In Israel, a new five month scholarship program being offered to young aspiring athletes – one of them could be you.
This is the fourth part of a series on Aliyah and Klita (absorption) stories of American Jews who came to Israel for ideological and religious reasons in the past years.
I remember my first visit to Israel in 1956. I was attending the first American Bnei Akiva Hachshara training program in Israel. We traveled by ship for two weeks until we finally landed in Haifa.
In those days, everyone was a pioneer and a friend. I vividly recall several incidents while I was hitchhiking around the country. Once, I was hitchhiking from Ashdod to Tel Aviv. A taxi stopped and as I was explaining that I could not afford a taxi, the driver said, “Hop in, I’m not asking you for money. I would like some company on my to Tel Aviv.”
Another time I was lost in Ramat Gan, searching for my Israeli cousin’s apartment where I was to stay for Shabbat. From a nearby porch someone asked what the problem was, and when I explained he said, “It should be nearby, but if you don’t find him, come to our house for Shabbat.” Another time, we were hitchhiking toward Eilat. As night was falling, some workers picked us up. They insisted that we spend the night in their moshav. The next morning, they asked that we stay for a bris because they were going to slaughter a sheep in honor of the bris. It was a different time and a different world.
* * *
Naftali and Evelyn (nee Offenbacher) Stern came on Aliya in 1966, five months after their wedding. Naftali received a degree in Mechanical Engineering from Northeastern U. in Boston. He was a packaging engineer for Raytheon working on space modules for the NASA flights and for Bendix Electronics, which built air-to-air missile for the United States Air Force. He left behind a chance to make a great deal of money.

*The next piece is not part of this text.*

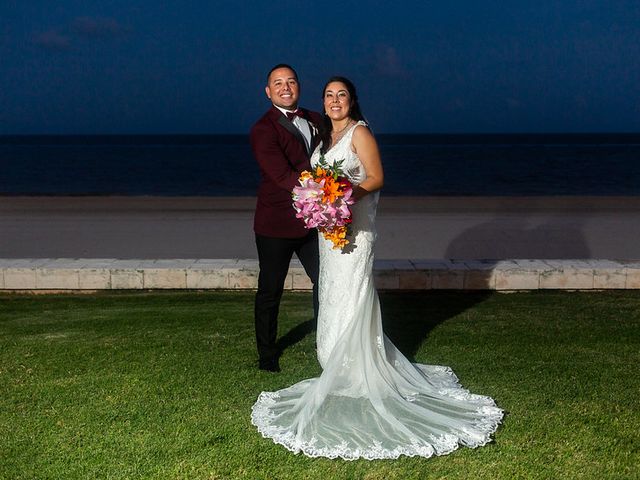 La boda de Alexander  y Lizbeth  en Cancún, Quintana Roo 18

In Israel, Naftali did electronic packaging and then ran the Calibration labs at Rafael Industries. He serves today as a consultant in Quality Assurance and Metrology. Seven years ago, he received a Masters degree in Quality Assurance from the Haifa Technion.
Evelyn was a teacher in the United States. In Israel, she studied to be a librarian and has been working at the Mathematics Library in the Technion for over 25 years. Today, she is in charge of the Library.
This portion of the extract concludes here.